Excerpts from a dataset
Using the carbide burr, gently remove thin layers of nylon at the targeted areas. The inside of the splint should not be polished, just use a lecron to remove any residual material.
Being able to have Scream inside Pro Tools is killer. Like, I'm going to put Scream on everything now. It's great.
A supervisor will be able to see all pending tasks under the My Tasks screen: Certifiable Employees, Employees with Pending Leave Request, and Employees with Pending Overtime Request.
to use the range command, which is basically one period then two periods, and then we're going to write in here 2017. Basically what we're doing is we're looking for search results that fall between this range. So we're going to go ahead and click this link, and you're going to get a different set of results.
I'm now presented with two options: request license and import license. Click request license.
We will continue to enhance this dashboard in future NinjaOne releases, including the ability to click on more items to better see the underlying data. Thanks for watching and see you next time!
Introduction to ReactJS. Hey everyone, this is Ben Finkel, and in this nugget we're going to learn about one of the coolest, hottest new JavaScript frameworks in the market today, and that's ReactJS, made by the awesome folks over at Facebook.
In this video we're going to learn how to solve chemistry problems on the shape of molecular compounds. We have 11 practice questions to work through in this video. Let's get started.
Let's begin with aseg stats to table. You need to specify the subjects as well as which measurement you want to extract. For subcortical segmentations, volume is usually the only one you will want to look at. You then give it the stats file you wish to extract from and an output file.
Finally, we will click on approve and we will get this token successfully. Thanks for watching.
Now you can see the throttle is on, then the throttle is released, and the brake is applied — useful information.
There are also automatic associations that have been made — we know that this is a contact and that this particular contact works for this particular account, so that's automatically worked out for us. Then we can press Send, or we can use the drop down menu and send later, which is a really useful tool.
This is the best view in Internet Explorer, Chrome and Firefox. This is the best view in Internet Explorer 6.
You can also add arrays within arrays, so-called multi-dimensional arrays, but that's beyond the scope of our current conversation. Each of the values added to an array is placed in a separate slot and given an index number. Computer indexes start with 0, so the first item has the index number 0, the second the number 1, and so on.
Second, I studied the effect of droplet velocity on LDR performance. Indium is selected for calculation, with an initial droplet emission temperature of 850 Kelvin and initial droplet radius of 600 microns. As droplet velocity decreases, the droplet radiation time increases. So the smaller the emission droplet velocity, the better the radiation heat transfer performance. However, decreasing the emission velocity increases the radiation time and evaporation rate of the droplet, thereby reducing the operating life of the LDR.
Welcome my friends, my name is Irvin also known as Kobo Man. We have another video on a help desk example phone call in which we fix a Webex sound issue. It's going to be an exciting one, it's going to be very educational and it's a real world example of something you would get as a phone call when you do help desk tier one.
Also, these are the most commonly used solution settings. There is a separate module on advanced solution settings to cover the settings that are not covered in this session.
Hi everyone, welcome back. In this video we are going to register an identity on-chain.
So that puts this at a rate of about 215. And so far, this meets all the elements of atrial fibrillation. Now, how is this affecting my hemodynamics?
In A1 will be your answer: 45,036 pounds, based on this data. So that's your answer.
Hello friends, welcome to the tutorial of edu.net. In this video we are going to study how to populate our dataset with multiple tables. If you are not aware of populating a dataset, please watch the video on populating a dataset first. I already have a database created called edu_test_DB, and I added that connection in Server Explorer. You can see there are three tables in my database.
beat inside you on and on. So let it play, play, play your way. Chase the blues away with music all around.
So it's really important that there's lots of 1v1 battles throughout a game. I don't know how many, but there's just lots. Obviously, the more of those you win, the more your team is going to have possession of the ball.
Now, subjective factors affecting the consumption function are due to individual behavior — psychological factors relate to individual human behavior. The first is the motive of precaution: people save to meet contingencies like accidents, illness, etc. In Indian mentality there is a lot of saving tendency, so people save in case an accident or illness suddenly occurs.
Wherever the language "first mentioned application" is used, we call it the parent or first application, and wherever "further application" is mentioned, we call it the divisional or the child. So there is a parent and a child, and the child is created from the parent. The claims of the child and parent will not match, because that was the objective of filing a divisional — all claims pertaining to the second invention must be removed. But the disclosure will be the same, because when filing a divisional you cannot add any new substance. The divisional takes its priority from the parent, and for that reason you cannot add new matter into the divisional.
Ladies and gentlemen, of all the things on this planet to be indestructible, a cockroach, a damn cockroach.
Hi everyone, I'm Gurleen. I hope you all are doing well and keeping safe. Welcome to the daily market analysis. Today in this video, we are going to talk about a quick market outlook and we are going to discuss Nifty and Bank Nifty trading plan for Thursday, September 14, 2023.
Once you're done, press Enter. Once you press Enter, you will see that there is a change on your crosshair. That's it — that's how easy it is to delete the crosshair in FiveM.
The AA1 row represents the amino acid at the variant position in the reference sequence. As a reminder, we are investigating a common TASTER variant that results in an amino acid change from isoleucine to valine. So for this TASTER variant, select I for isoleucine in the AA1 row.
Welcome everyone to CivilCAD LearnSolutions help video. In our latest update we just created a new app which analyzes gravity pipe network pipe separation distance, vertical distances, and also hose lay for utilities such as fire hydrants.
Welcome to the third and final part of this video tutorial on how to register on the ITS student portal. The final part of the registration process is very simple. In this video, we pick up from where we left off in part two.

#### [THE TASK]
Which lines of the entries above contain the word "well"? Copy each of them.

#### [PROBLEM SOLUTION]
Let's begin with aseg stats to table. You need to specify the subjects as well as which measurement you want to extract. For subcortical segmentations, volume is usually the only one you will want to look at. You then give it the stats file you wish to extract from and an output file.
Hi everyone, I'm Gurleen. I hope you all are doing well and keeping safe. Welcome to the daily market analysis. Today in this video, we are going to talk about a quick market outlook and we are going to discuss Nifty and Bank Nifty trading plan for Thursday, September 14, 2023.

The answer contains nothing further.